Easy Ham, Bell Pepper Potato Bake - cooking recipe

Ingredients
    1 (10 ounce) can cream of potato soup, undiluted
    1 cup sour cream
    1/2 cup melted butter
    1 tablespoon paprika
    1/2 teaspoon garlic powder (can use more)
    1 (1 kg) bag country-style frozen hash browns
    1 green bell pepper, seeded and chopped
    1 red bell pepper, seeded and chopped
    1 large onion, finely chopped
    2 green onions, finely chopped
    1 small jalapeno pepper, seeded and finely chopped
    1 1/2 cups chopped cooked ham
    seasoning salt
    black pepper (or use white salt)
    1/2 cup grated parmesan cheese (can use more)
    2 1/2 cups grated old cheddar cheese, divided
Preparation
    Set oven to 375 degrees.
    Set oven rack to second-lowest position.
    Grease a 13 x 9-inch baking.
    In a very large bowl combine the soup with sour cream, melted butter, paprika and garlic powder; mix well to combine (the mixture will be lumpy).

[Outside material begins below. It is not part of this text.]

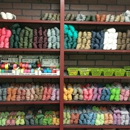 Paracord 1961 - Arts & Crafts Supplies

    Stir in the frozen hash browns until completely combined.
    Add in all remeining ingredients with ONLY 1-1/2 cups grated cheddar cheese; mix well to combine (the mixture will be very thick!).
    Season with seasoned salt and black pepper to taste.
    Spoon into prepared casserole dish.
    Sprinkle with parmesan cheese.
    Cover tightly with foil and bake for about 1 hour.
    Remove foil and sprinkle with about 1 cup grated cheddar cheese (can use more) return to oven and bake for another 15-20 more minutes.